RE: ACTION- 541: Jeni to help Dan pull together terminology on Deep Linking

well, sure: "server with copies of web content".  


> My feeling is that first, having several dimensions on which we might classify a server as cache or archive

Classification is hard when there are hybrid services that operate as both, as you show. Why do we need to 'categorize' them vs 'describe' them?

> .... means makes the distinction fuzzy and therefore hard to use (what if it falls into one category on one dimension and into another on another dimension?); and second, that it is easier for people to classify a particular server if we focus on behaviour rather than concepts such as "purpose" and "value" which can be harder to pin down.

I thought "purpose" and "value" were interesting but I agree not evaluable.

 > For example, take a search engine that stores copies of the pages that its crawlers retrieve and then provides users with access to these stored copies at a separate URI. Is this a cache or an archive?

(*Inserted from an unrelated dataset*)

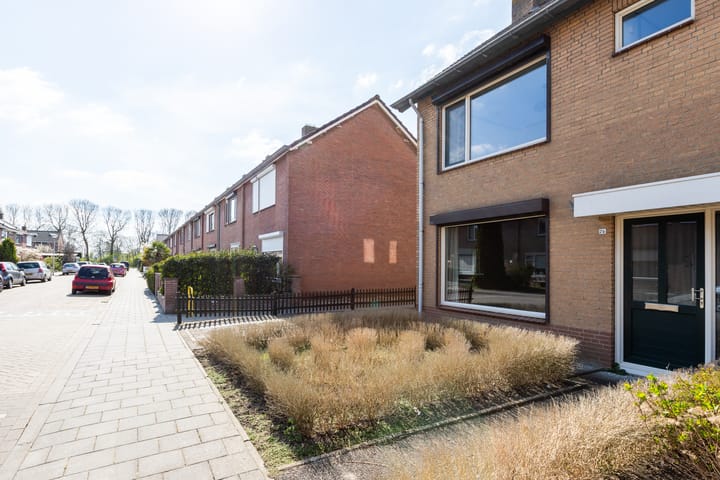 Foto 47 van Kortenaerstraat 2-B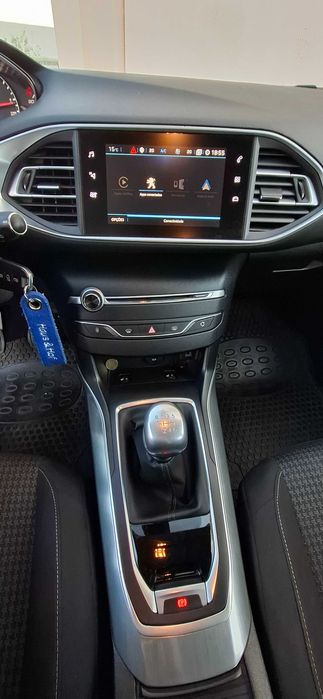 Peugeot 308 SW 1.5 BlueHDi 130cv GPS Câmara 360°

Interesting hybrid case. Clearly not a "cache" in the classical sense of caching. Not clearly an "archive", though.
 
> You could view the purpose of the copy as being a means of improving network performance (in its general sense)

Oh no, I didn't think a "cache" improved performance in its general sense. I meant specifically about latency of retrieval,  lessening the time it takes to do something without interfering significantly with the operation.

> ... because it enables users to continue to access information even when the origin server is inaccessible. 

That's an archival function, not a cache function.

> Certainly, a search engine will only keep one copy of the page and will endeavour to keep that copy up to date, and the more out of date the page, the less valuable it is for the search engine's primary task of providing people with up-to-date relevant information.

good point, demonstrating that the "value" dimension isn't criterial.

> On the other hand, the search engine will probably keep its copy around for a little while even if the original page disappears (and provides benefit to its users by doing so). It won't obey any of the Cache-control headers that were present when the page was retrieved when someone accesses the search engine's copy (at its separate URI): it is explicitly providing access to a copy just as an archive does.

I'm not sure of the relationship of cache control headers to robots.txt. I would think that a page that is marked "do not cache ever" should also not get retained by a search engine.

> Another example is the UK Government Web Continuity project, which you would generally classify as an archive (it provides copies at separate URIs, keeps them indefinitely) but has an additional purpose of providing continuing access to material which is removed from department websites -- this being particularly important after a change of administration. When used for *that* purpose, the value of the pages in the archive diminishes over time, as the pages become older and out of date.


Hmmm, this sounds purely like an archive, and I just disagree with your "value ... diminishes over time ..."
 
> So let's see if we can find a different term than 'cache' for the general concept, explore these different features, and try to pin down the definitions of 'cache' and 'archive' more tightly. Perhaps there are existing definitions we can reuse?
> 

"server with copy of stuff"

covers both "cache" and "archive", do we need anything fancier?

Received on Friday, 8 April 2011 19:10:02 UTC